Every morning, I begin my duties with a thorough inspection of the kitchen.

Some cats rush about demanding breakfast. I prefer to position myself elegantly on the kitchen worktop and allow breakfast negotiations to develop at their own pace. A true ruler never appears desperate. She simply sits near the food cupboards and looks increasingly disappointed.

This particular morning, the sun was shining through the stained glass, scattering warm, coloured beams across my white fur. Naturally, I placed myself directly in the finest patch of light.

Good lighting is essential when one is conducting important household business.

Beside me sat a melon.

I settled slightly behind it, with only my ears visible above the top. From the humans’ point of view, the melon had suddenly grown two small white ears.

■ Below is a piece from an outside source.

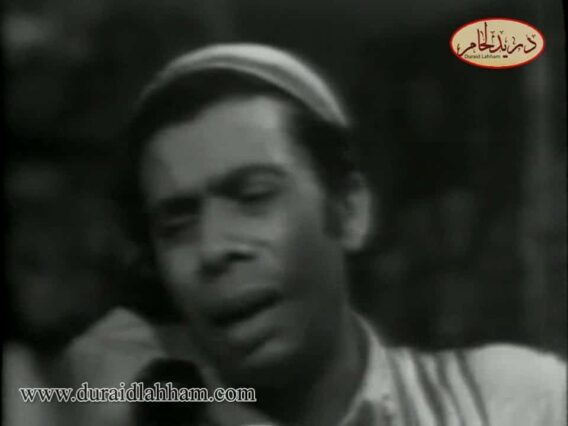 المسلسل الأشهر صح النوم  الحلقة 11 الحادية عشر  | غوار و ياسين – دريد لحام و ياسين بقوش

They found this extremely amusing.

I allowed them their little moment.

In reality, I was testing a new surveillance technique: agricultural camouflage. No visiting sparrow, passing neighbour or unauthorised kitchen snack would ever suspect that the melon was being supervised by senior management.

Later that day, one of my humans presented me with a Vitakraft stick.

Now, I am normally a calm and dignified lady. I believe in patience, good manners and measured responses.

But there are certain delicacies for which one might, purely hypothetically, commit a minor act of treason.

The Vitakraft stick is one of them.

I took possession immediately and conducted a full quality inspection. The flavour was excellent, the texture satisfactory and the human’s delivery speed just within acceptable limits.

I awarded several continuing education points.

However, there was no time for a prolonged celebration. The outside painter had arrived.

A stranger.

Near my house.

With ladders.

Clearly, this required my personal attention.

I moved to the nearest window and watched him carefully. Every brushstroke was monitored. Every movement was recorded. Every suspicious bucket was examined from a safe and comfortable distance.

The humans claimed he was simply painting the outside of the house.

That is exactly what an outside painter would want them to think.

Fortunately, I remained on duty until the situation was under control.

By evening, the melon had been cleared of suspicion, the Vitakraft stick had vanished without witnesses, and the painter had completed his work under strict royal supervision.

Another successful day of household management.

Honestly, I do not know how my humans managed before me.